On behalf of Bankruptcy Law Firm of Clare Casas on Monday, August 15, 2011.

When you owe money to a creditor, their options for collecting are usually pretty limited unless they file a lawsuit. They often start by blowing up your telephone with several calls a day. They fill up your mailbox with letters from their collection department, their attorneys and debt collection companies. More aggressive creditors will call you at work -- even though you tell them to stop and they have also been reported to call neighbors and family members. I am often asked if there are laws against these tactics and the answer is yes.

The Fair Credit Collection Practices Act (FDCPA), prohibits all of these things that the creditors are doing. The FDCPA prohibits contact with family members (except spouses). The law prohibits credit collectors from calling you at inconvenient times - defined as before 8:00 a.m. or after 9:00 p.m. FDCPA also bars repetitive phone calls or the use of bad words or abusive language. The creditor can't threaten to file a lawsuit when there is no intent to do so. Debt collectors also cannot continue to contact you after you have told them that you are represented by a lawyer.

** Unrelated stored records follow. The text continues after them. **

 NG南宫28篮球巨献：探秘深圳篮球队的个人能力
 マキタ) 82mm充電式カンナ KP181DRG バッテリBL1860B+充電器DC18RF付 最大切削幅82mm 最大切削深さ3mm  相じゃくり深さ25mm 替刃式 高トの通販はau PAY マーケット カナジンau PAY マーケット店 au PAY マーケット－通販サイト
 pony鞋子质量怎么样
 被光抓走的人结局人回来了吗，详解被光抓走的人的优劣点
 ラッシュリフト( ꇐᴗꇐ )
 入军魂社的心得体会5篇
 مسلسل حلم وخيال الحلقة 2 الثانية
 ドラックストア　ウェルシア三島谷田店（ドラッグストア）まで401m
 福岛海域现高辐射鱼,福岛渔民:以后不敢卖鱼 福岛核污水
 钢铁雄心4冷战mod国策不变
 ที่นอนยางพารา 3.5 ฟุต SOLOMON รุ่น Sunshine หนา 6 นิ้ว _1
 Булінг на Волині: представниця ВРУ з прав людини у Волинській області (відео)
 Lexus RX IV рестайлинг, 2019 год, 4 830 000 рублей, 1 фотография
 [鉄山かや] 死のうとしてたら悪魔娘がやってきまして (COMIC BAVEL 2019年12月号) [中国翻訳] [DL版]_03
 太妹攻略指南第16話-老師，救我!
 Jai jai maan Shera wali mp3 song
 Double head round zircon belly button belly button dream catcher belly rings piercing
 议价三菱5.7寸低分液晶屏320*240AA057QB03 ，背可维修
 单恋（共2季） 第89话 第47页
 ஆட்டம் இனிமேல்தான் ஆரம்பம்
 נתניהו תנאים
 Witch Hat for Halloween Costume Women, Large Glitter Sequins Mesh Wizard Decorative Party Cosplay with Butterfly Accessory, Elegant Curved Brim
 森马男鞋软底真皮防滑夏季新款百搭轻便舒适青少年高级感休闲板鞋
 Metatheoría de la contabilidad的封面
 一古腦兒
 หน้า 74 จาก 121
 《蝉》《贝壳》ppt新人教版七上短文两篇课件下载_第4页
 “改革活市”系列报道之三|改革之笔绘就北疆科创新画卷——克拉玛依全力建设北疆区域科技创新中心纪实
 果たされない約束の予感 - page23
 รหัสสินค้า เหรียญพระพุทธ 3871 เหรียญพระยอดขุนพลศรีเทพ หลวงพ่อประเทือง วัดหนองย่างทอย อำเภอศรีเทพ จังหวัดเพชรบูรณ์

FDCPA sounds really good doesn't it? So why do creditors keep calling and harassing you after you've asked them to stop? Or why do they call you fifty times a day when they know that they can't? Because the law doesn't offer much help when it comes to enforcing its' provisions. If a creditor violates the FDCPA, you can bring a lawsuit but the damages are capped at $1,000. Bringing an individual lawsuit is very expensive and these cases are often difficult to prove. Most of the cases brought under this Act are class action lawsuits (suing on behalf of groups of people with the similar issue) but these cases are also few and far in between because of the legal hurdles.

A stronger deterrent for creditors are the protections offered through the bankruptcy code. Bankruptcy could also be a way for you to completely eliminate your debt or restructure the repayment into something you can afford.